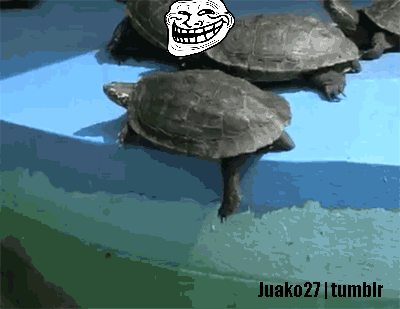 http://www.madmoizelle.com/wp-content/uploads/2012/01/trollfaceturtle.gif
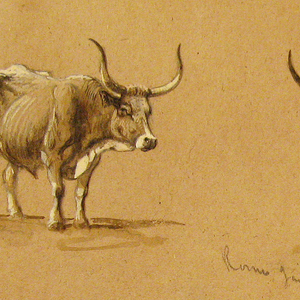 Drawing, Oxcarts, Rome, Italy, January 1873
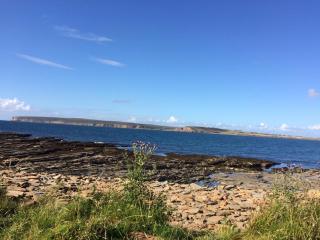 Bower Pods - Bowermadden - 2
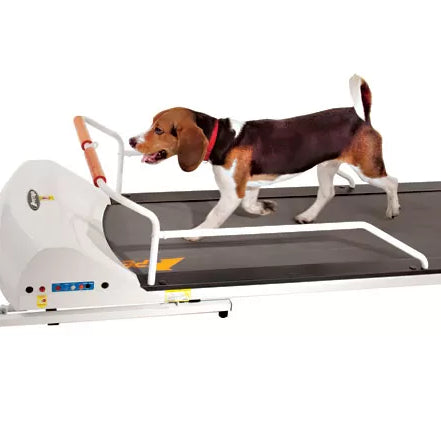 PetRun 52" Small Foldable Dog Treadmill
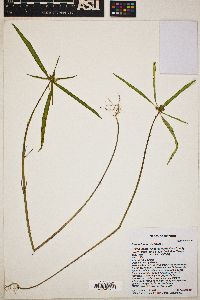 Euphorbia heterophylla image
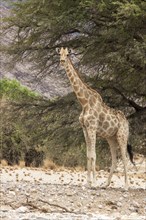 Giraffe (Giraffa camelopardalis)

= = = = =

EXERCISE REQUIREMENTS: Where pictures sit among the data above, omit them, and output the rest exactly.

EXERCISE RESPONSE:
 http://www.madmoizelle.com/wp-content/uploads/2012/01/trollfaceturtle.gif
 Drawing, Oxcarts, Rome, Italy, January 1873
 Bower Pods - Bowermadden - 2
 PetRun 52" Small Foldable Dog Treadmill
 Euphorbia heterophylla image
 Giraffe (Giraffa camelopardalis)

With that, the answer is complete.